Anspruch auf Herausgabe eines Hundes: Vorläufige, aber schnelle Hilfe im Wege der einstweiligen Verfügung

Wenn ein Paar sich nach langer gemeinsamer Zeit trennt, ist das für beide Partner mit vielen fundamentalen Umstellungen im Alltag verbunden: Dinge, die beide vorher gemeinsam genutzt haben, müssen aufgeteilt werden; angefangen von der gemeinsamen Wohnung oder dem Haus über die Einrichtung und das Auto bis hin zu allerlei Kleinkram, an denen möglicherweise das Herz beider hängt.

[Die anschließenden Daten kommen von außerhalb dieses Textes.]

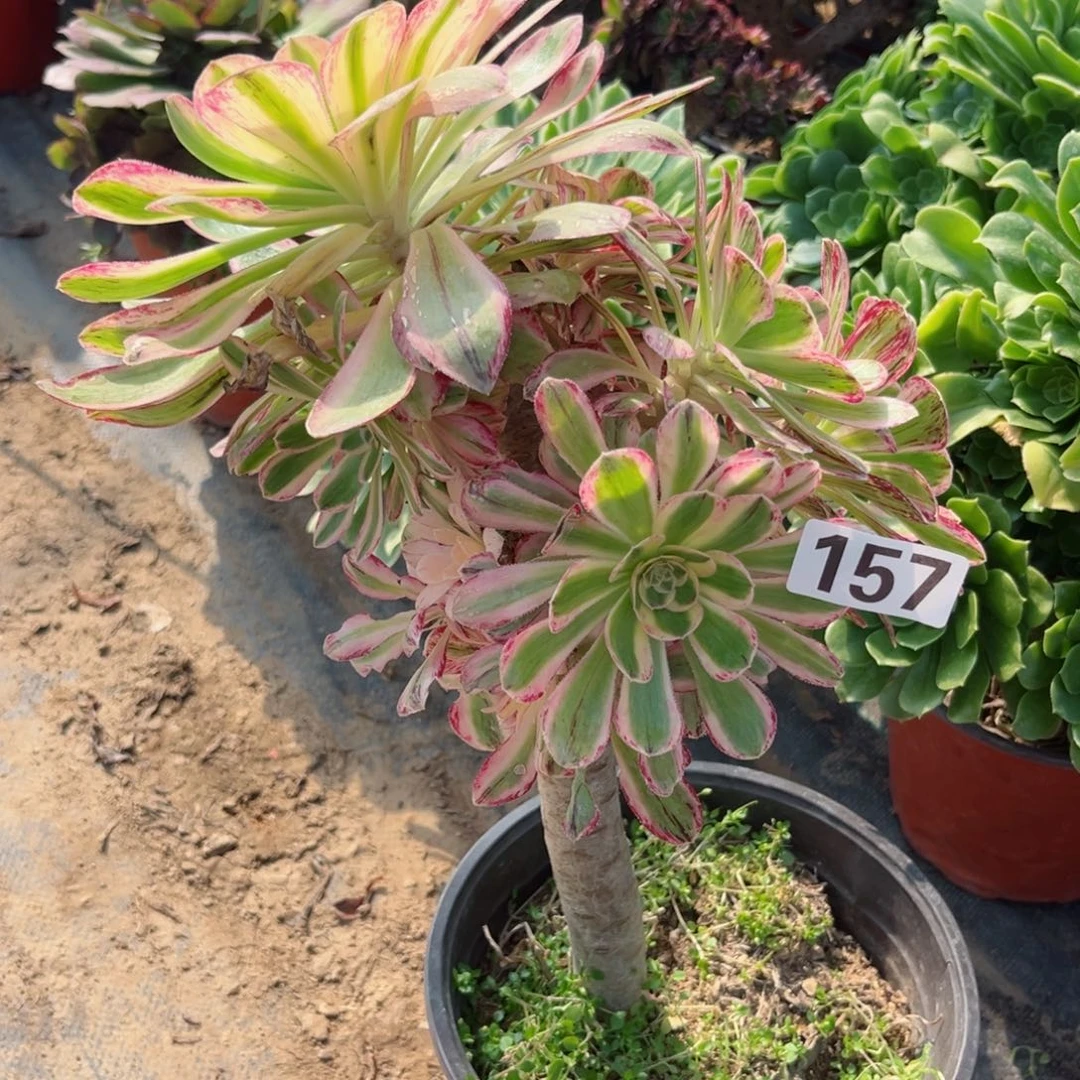 晶*?157微锦锦多肉植物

Je nach Trennungsgrund kann der Streit darüber, wem was zusteht, sich schnell hochschaukeln, und nicht selten landen solche Streitigkeiten dann vor Gericht. Besonders emotional sind diese Fälle dann, wenn es nicht nur um Immobilien und leblose Objekte geht, sondern wenn darum gestritten wird, wer das von beiden geliebte Haustier bekommen soll. Oft sind die Situationen dann derart verfahren, dass keinerlei Einigung mehr gelingt. Doch auch wenn eine einvernehmliche Lösung gefunden wird, bewahrt dies die Ex-Partner nicht davor, sich wegen des Tieres eines Tages vor Gericht wieder zu begegnen:

Die beiden  Partner hatten bei ihrer Trennung entschieden, ihren Hund (eine kleine Pudelhündin) weiterhin dergestalt zusammen zu halten, dass jeder von ihnen das Tier ein paar Wochen bei sich hatte und im Anschluss an den anderen gab, wo es ebenfalls mehrere Wochen blieb. So wechselte die Hündin also zwischen dem Mann und der Frau und deren verschiedenen Wohnorten hin und her, ähnlich einem Kind nach der Scheidung der Eltern. Diese Regelung ging allerdings nicht lange gut: Aus nicht im Urteil mitgeteilten Gründen holte der Mann sich das Tier eines Tages aus der Wohnung der Frau heraus und nahm den Hund mit zu sich; herausgeben wollte er die Hündin dann nicht mehr. Die Frau nahm sich kurzerhand einen Anwalt und klagte vor dem Amtsgericht gegen ihren ehemaligen Partner auf Herausgabe des Hundes. Die Richterin gab ihr Recht und erließ eine einstweilige Verfügung mit dem Inhalt, der Mann habe die Hündin an die Frau herauszugeben; auch wurden ihm die Kosten des Rechtsstreits auferlegt. Dennoch sagt dieses Urteil nichts darüber aus, ob die Frau die Hündin nun auch bei sich behalten darf, sondern es handelt sich im Gegenteil nur um eine vorläufige Regelung dieses konkreten Streits. Dies mag angesichts dessen, dass doch ein Urteil von einem Gericht gesprochen wurde, zunächst verwirren, ist aber nachvollziehbar, wenn man die juristischen Hintergründe betrachtet:
Anders als der allgemeine Sprachgebrauch unterscheidet das Recht streng zwischen Eigentum auf der einen Seite und Besitz auf der anderen Seite. Das Eigentum ist dabei (plakativ formuliert) grundsätzlich „stärker“ als der Besitz; der Eigentümer einer Sache darf mit ihr nach § 903 BGB nach Belieben verfahren und andere von jeder Einwirkung ausschließen, soweit nicht das Gesetz oder Rechte Dritter entgegenstehen (da Tiere nach § 90a BGB rechtlich letztlich meist wie Sachen behandelt werden, statuiert § 903 BGB weiter, der Eigentümer eines Tieres habe bei der Ausübung seiner Eigentümer- Befugnisse die besonderen Vorschriften zum Schutz der Tiere zu beachten). Der Besitzer hingegen hat lediglich die tatsächliche Sachherrschaft über eine Sache (oder eben ein Tier), vgl. § 854 BGB.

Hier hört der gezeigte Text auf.